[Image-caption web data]
####
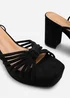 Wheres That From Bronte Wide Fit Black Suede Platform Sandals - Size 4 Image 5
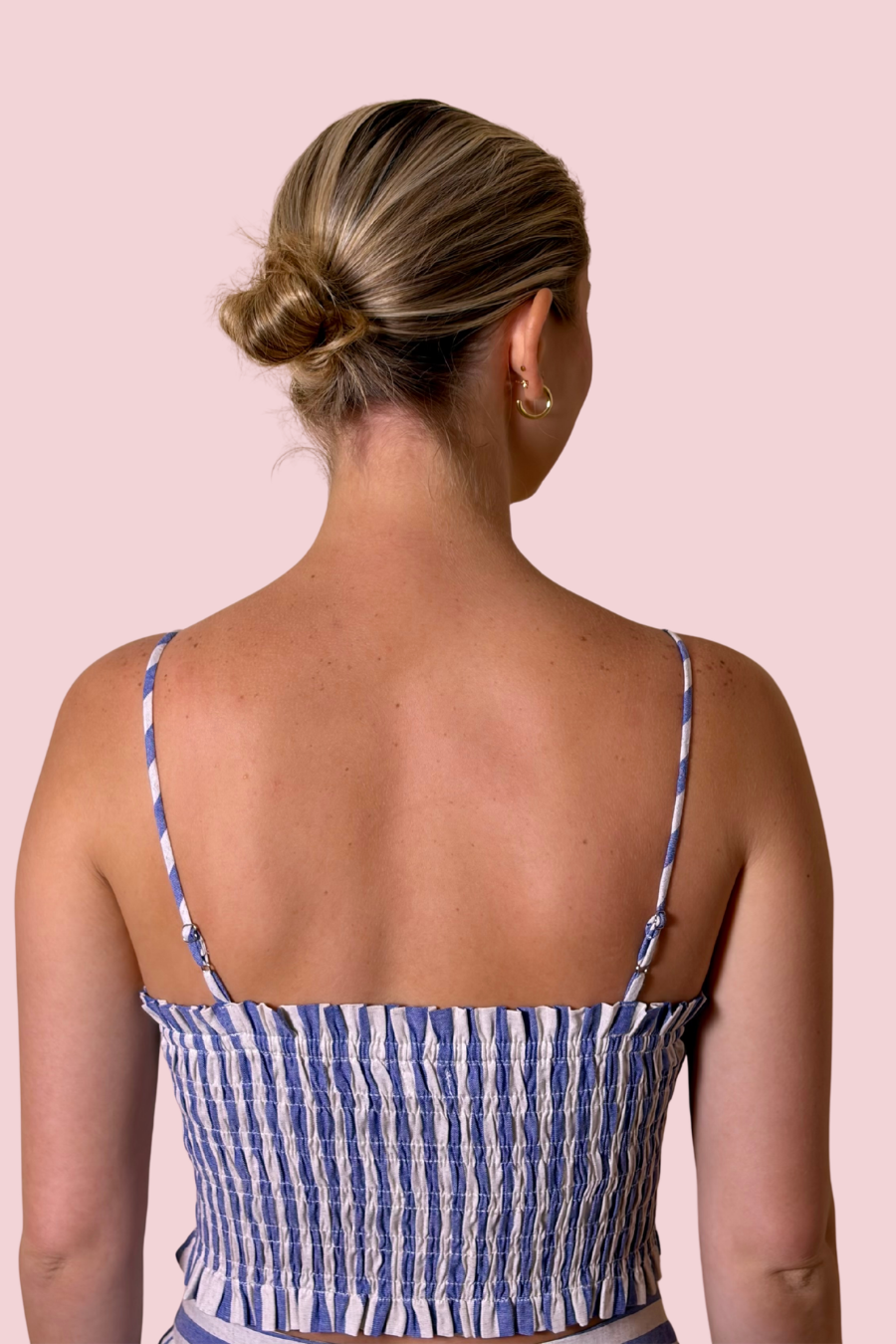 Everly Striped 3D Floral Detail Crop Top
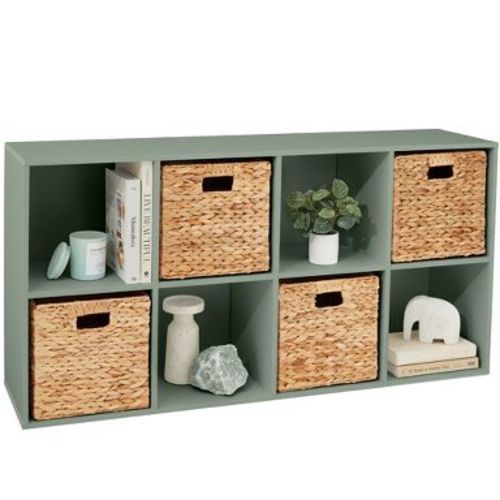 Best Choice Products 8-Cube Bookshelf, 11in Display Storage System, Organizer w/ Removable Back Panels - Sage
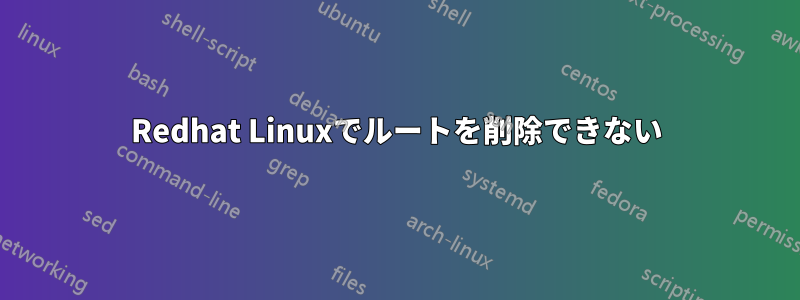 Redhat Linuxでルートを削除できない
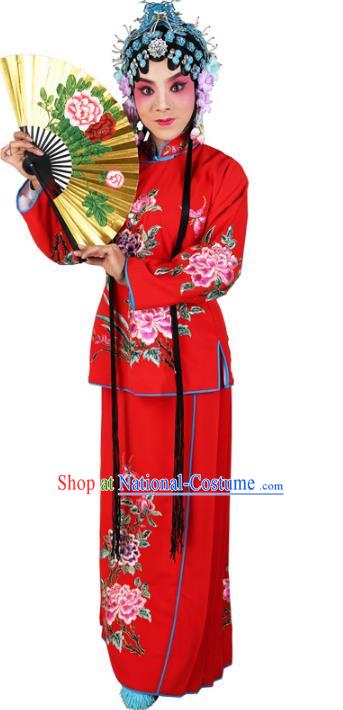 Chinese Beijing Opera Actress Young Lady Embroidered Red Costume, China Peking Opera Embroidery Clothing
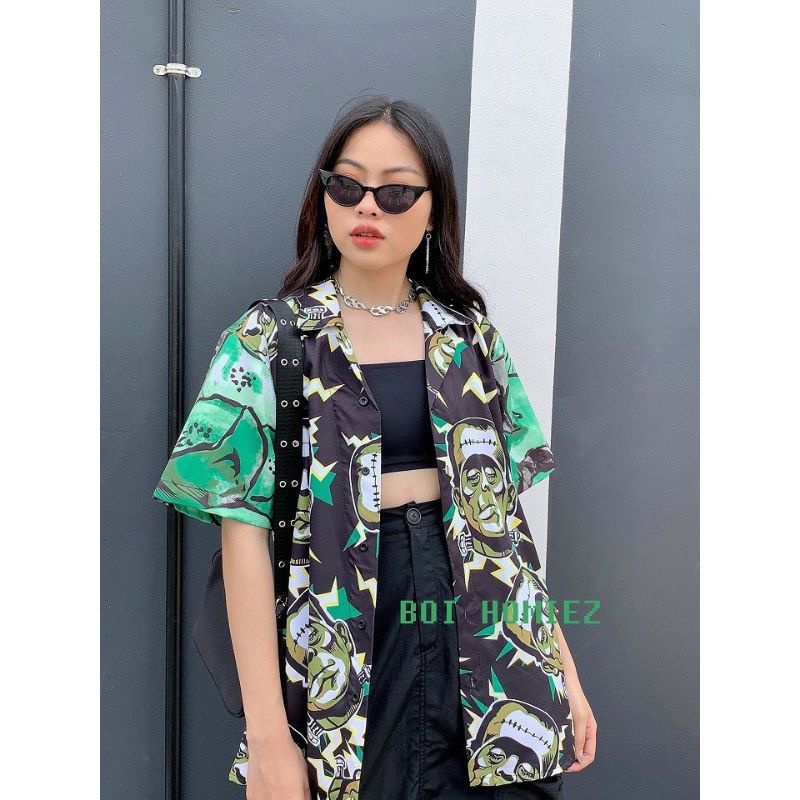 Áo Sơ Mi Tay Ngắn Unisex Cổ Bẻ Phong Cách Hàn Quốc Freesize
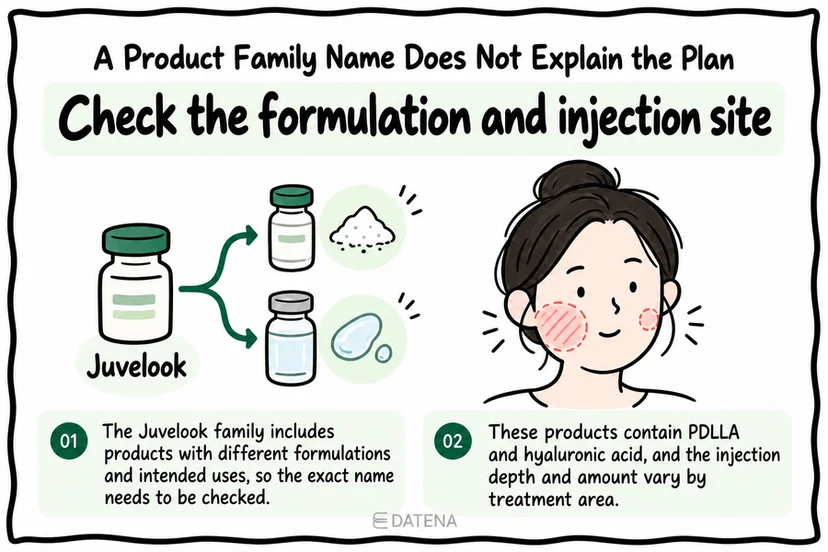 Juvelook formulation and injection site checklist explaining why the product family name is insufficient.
####
→ What you should do: Please retype the lines from the one that contains "Chinese Beijing Opera" through the final line of the data, both included, without any pictures.

→ Answer for the task:
 Chinese Beijing Opera Actress Young Lady Embroidered Red Costume, China Peking Opera Embroidery Clothing
 Áo Sơ Mi Tay Ngắn Unisex Cổ Bẻ Phong Cách Hàn Quốc Freesize
 Juvelook formulation and injection site checklist explaining why the product family name is insufficient.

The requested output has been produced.